-- DIRECTIONS --
In the records below, the line with "Wallet Tracker Card" opens the range and the line with "Πολυθρόνα Teragi στοιβαζόμενη" closes it; print that range exactly and nothing else.

*** MATERIAL SHOWN Section Begins ***

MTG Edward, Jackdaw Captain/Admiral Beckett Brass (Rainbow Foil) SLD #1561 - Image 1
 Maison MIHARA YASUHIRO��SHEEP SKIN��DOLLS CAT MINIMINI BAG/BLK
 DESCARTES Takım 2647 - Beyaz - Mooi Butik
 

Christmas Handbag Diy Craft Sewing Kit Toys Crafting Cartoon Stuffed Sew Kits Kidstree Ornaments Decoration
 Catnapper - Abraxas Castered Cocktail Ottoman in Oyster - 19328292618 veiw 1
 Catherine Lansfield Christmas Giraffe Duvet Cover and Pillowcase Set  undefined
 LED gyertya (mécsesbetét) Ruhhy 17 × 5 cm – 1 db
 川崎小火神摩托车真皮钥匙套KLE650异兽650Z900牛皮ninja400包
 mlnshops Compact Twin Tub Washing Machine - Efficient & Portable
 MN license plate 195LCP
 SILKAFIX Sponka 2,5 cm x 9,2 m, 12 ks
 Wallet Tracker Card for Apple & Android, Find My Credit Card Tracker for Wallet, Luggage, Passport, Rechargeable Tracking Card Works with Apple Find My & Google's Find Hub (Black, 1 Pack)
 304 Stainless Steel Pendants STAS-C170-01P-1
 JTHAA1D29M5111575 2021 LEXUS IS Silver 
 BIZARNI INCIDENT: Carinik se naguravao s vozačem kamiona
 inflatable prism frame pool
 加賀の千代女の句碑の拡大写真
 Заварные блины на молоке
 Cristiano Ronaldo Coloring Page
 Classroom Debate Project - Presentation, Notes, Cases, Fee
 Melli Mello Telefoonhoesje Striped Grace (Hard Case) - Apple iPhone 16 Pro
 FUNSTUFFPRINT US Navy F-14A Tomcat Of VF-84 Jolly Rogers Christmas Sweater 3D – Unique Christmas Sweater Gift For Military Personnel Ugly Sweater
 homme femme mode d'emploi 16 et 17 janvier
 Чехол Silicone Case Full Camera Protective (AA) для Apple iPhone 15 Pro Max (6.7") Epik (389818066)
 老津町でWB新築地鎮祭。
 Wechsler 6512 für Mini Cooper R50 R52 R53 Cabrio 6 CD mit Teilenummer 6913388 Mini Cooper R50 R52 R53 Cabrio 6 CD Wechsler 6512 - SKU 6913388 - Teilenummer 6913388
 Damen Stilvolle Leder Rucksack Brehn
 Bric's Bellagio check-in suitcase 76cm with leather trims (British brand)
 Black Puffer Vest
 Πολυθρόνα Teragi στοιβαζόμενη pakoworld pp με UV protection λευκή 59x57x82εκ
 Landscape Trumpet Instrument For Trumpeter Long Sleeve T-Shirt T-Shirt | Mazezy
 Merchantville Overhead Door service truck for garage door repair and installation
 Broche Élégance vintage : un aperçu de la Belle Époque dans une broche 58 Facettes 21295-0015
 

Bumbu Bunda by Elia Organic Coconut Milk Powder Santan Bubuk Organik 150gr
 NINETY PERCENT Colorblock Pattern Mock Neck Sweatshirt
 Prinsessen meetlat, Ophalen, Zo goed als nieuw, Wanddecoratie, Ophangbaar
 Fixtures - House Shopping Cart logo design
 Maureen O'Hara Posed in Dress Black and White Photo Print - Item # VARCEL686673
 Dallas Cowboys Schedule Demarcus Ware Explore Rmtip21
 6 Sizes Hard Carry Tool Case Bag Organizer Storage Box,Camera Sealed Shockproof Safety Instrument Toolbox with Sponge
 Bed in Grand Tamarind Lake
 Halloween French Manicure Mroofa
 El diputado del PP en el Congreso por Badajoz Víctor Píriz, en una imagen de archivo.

*** MATERIAL SHOWN Section Ends ***

-- ANSWER FOR THIS EXERCISE --
 Wallet Tracker Card for Apple & Android, Find My Credit Card Tracker for Wallet, Luggage, Passport, Rechargeable Tracking Card Works with Apple Find My & Google's Find Hub (Black, 1 Pack)
 304 Stainless Steel Pendants STAS-C170-01P-1
 JTHAA1D29M5111575 2021 LEXUS IS Silver 
 BIZARNI INCIDENT: Carinik se naguravao s vozačem kamiona
 inflatable prism frame pool
 加賀の千代女の句碑の拡大写真
 Заварные блины на молоке
 Cristiano Ronaldo Coloring Page
 Classroom Debate Project - Presentation, Notes, Cases, Fee
 Melli Mello Telefoonhoesje Striped Grace (Hard Case) - Apple iPhone 16 Pro
 FUNSTUFFPRINT US Navy F-14A Tomcat Of VF-84 Jolly Rogers Christmas Sweater 3D – Unique Christmas Sweater Gift For Military Personnel Ugly Sweater
 homme femme mode d'emploi 16 et 17 janvier
 Чехол Silicone Case Full Camera Protective (AA) для Apple iPhone 15 Pro Max (6.7") Epik (389818066)
 老津町でWB新築地鎮祭。
 Wechsler 6512 für Mini Cooper R50 R52 R53 Cabrio 6 CD mit Teilenummer 6913388 Mini Cooper R50 R52 R53 Cabrio 6 CD Wechsler 6512 - SKU 6913388 - Teilenummer 6913388
 Damen Stilvolle Leder Rucksack Brehn
 Bric's Bellagio check-in suitcase 76cm with leather trims (British brand)
 Black Puffer Vest
 Πολυθρόνα Teragi στοιβαζόμενη pakoworld pp με UV protection λευκή 59x57x82εκ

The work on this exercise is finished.